In his speech, Obama said the Israeli-Palestinian conflict has cast a shadow over the Mideast.
"For Israelis, it has meant living with the fear that their children could get blown up on a bus or by rockets fired at their homes, as well as the pain of knowing that other children in the region are taught to hate them," Obama said. "For Palestinians, it has meant suffering the humiliation of occupation, and never living in a nation of their own."
Obama said efforts by Palestinians to delegitimize Israel will end in failure.
"Palestinian leaders will not achieve peace or prosperity if Hamas insists on a path of terror and rejection," Obama said. "And Palestinians will never realize their independence by denying the right of Israel to exist."
In the wide-ranging talk, Obama said that the top U.S. priority in the Mideast and North Africa is the promotion of reform and democracy.
The United States welcomes any regional change that advances self-determination and opportunity, Obama said, as he compared what is happening in the region to signature moments of American history.
"We face a historic opportunity. We have a chance to show that America values the dignity of a street vendor in Tunisia more than the raw power of the dictator," he said.
The president saluted the popular unrest sweeping the Middle East and said the U.S. future was bound to that of the region, which is caught up in unprecedented upheaval.
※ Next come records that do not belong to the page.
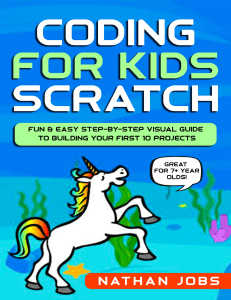 Coding for Kids Scratch Fun Easy Step-by-Step Visual Guide to Building Your First 10 Projects (Great for 7+ year olds) by Nathan Jobs (z-lib.org)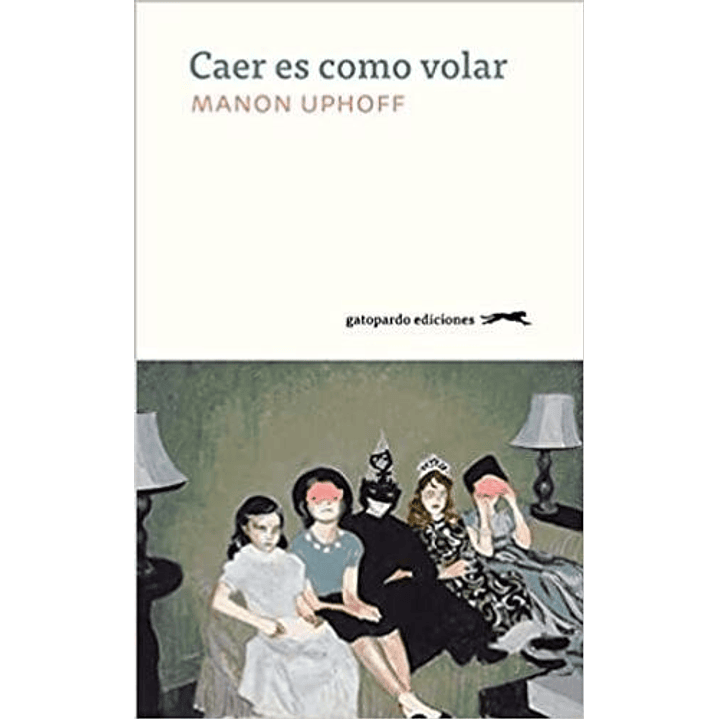 Caer Es Como Volar - Uphoff, Manon 1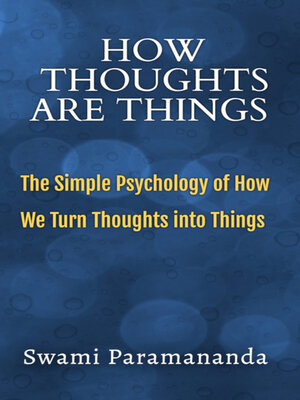 cover image of How Thoughts Are Things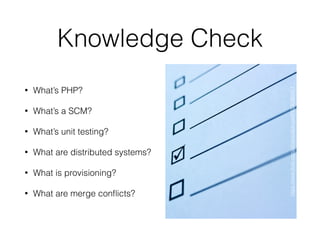 Knowledge Check
• What’s PHP?
• What’s a SCM?
• What’s unit testing?
• What are distributed systems?
• What is provisioning?
• What are merge conﬂicts?
https://www.ﬂickr.com/photos/didmyself/6530383417
 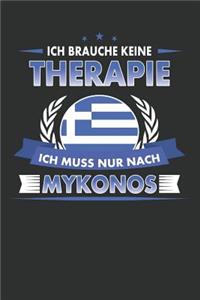 Ich Brauche Keine Therapie Ich Muss Nur Nach Mykonos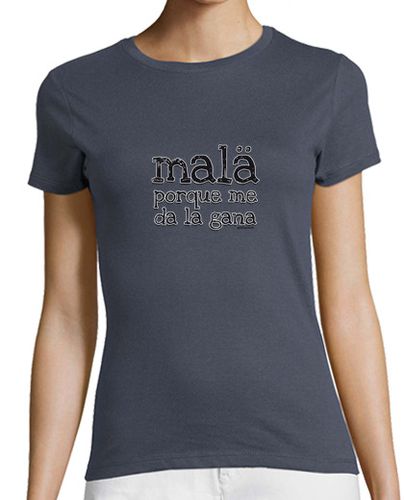 Camiseta mujer mala porque me da la gana - latostadora.com - Modalova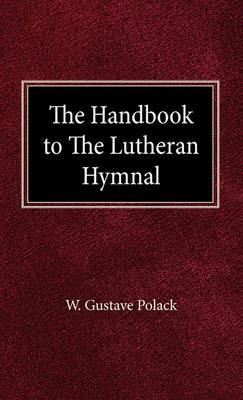 The Handbook of the Lutheran Hymnal - Gustave W Polack - cover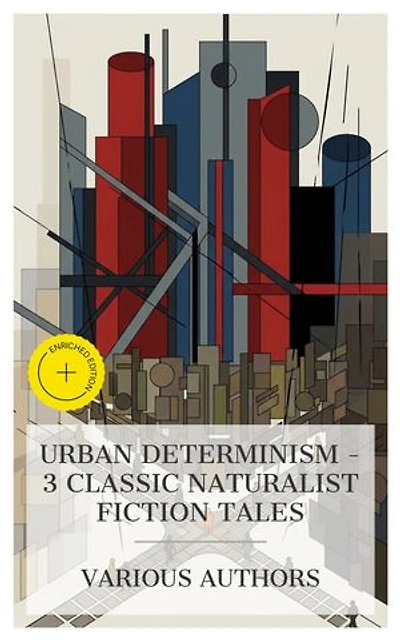 Urban Determinism – 3 Classic Naturalist Fiction Tales: Enriched edition. Bunner Sisters, McTeague, The Sport of the Gods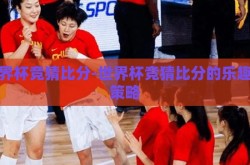 世界杯竞猜比分-世界杯竞猜比分的乐趣与策略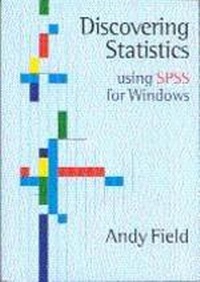 Enlarge image Cover: Discovering Statistics Using SPSS for Windows - SAGE Publications Inc
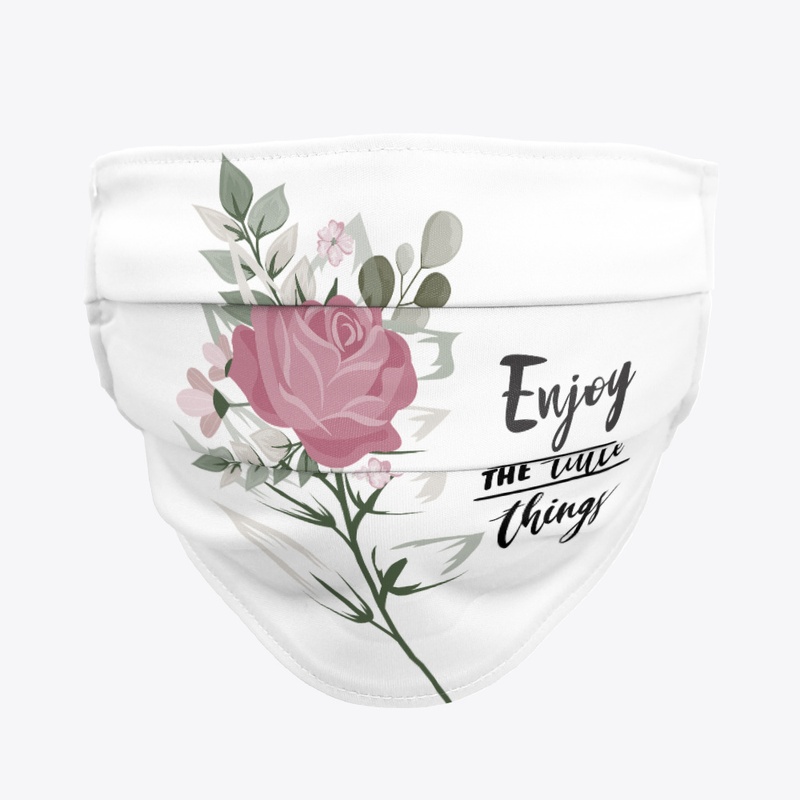 Enjoy the little things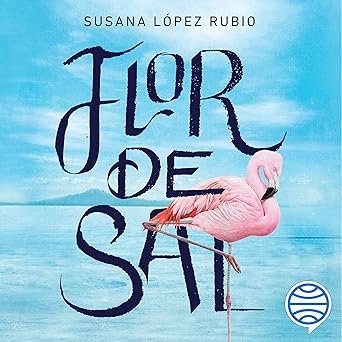 Flor De Sal Audiolibro Gratis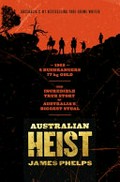 Australian heist / James Phelps.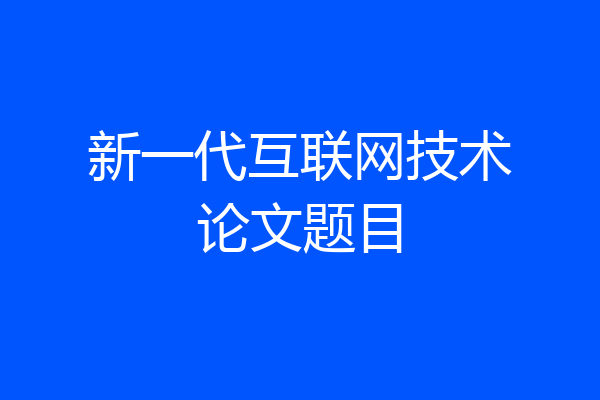 新一代互联网技术论文题目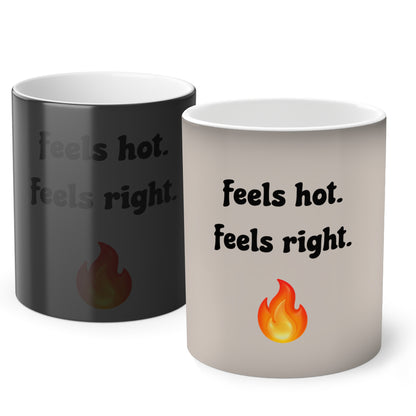 Feels hot. Feels right. 🔥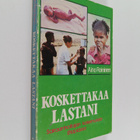 Aino Roininen : Koskettakaa lastani : sairaanhoitajan kok... - pikkukuva 1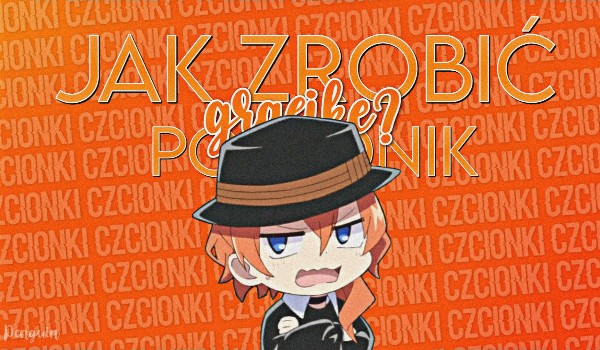 Poradnik | Jak zrobić grafikę? – Czcionki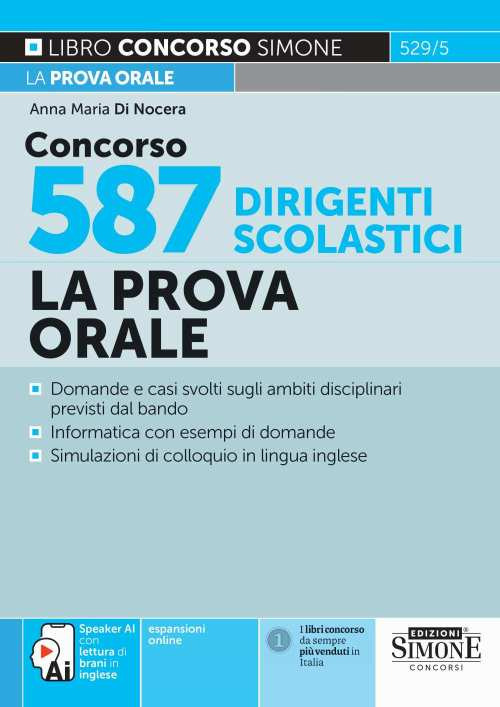 Concorso 587 dirigenti scolastici. La prova orale. Domande e casi svolti sugli ambiti disciplinari previsti dal bando. Informatica con esempi di domande. Simulazioni di colloquio in lingua inglese. Speaker AI conc letture di brani in inglese. Con espansio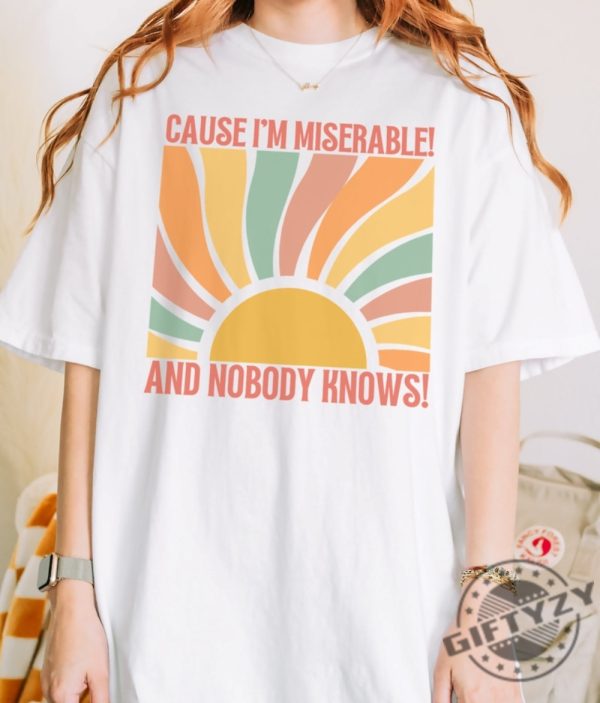Cause Im Miserable And Nobody Knows Unisex Tshirt I Can Do It With A Broken Heart Shirt Ttpd Album Song Lyrics Tortured Poets Department Merch giftyzy 2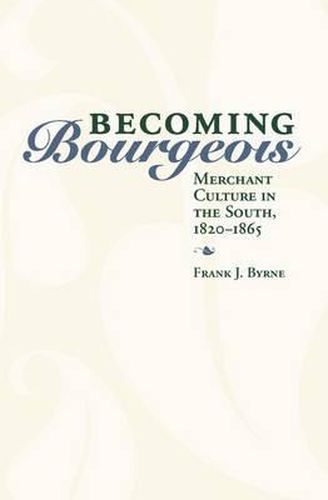 Becoming Bourgeois: Merchant Culture in the South, 1820-1865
"The people have risen up to demand their basic human rights. Two leaders have stepped aside. More may follow," Obama told an audience of U.S. and foreign diplomats at the State Department in Washington.
He hailed the killing of al-Qaida terrorist leader Osama bin Laden and declared that bin Laden's vision of destruction was fading even before U.S. forces shot him dead.
Story: Transcript: Obama's Mideast speech
"By the time we found bin Laden, al-Qaida's agenda had come to be seen by the vast majority of the region as a dead end, and the people of the Middle East and North Africa had taken their future into their own hands," Obama said.
The president also ratcheted up pressure on Syrian leader Bashar al-Assad, saying for the first time that he must stop a crackdown on protests and lead a democratic transition "or get out of the way." The U.S. imposed economic sanctions on al-Assad and other Syrian officials on Wednesday.
Backs Mideast plan based on 1967 borders
Obama went further than he has in the past in laying out the parameters of an agreement between Israel and the Palestinians, but stopped short of outlining a formal U.S. peace plan.
"The borders of Israel and Palestine should be based on the 1967 lines with mutually agreed swaps, so that secure and recognized borders are established for both states," he said.
"Our commitment to Israel's security is unshakeable," Obama said. "But precisely because of our friendship, it is important that we tell the truth: the status quo is unsustainable, and Israel too must act boldly to advance a lasting peace."
The speech was aimed at audiences in the United States as well as in the Middle East and North Africa, where the State Department was providing simultaneous translation in Arabic, Farsi and Hebrew.
Struggling to regain the initiative in a week of intense Middle East diplomacy, Obama was seizing an opportunity to reach out to the Arab world in the wake of the death of bin Laden at the hands of U.S. Navy SEAL commandos.
Obama had raised hopes with his 2009 speech in Cairo promising a "new beginning" with the Muslim world after years of estrangement under his predecessor, George W. Bush.
But the glow has faded and polls show anti-Americanism on the rise again.
The administration's announcement on Wednesday of its first sanctions directly targeting Assad over Syria's violent crackdown on protests was seen in part as an attempt to quell criticism that Washington was responding too cautiously.
Obama's domestic opponents have also accused him of acting too timidly in Libya to break the stalemate between Moammar Gadhafi and rebels trying to oust him, and of not being tough enough with autocratic allies in Yemen and Bahrain.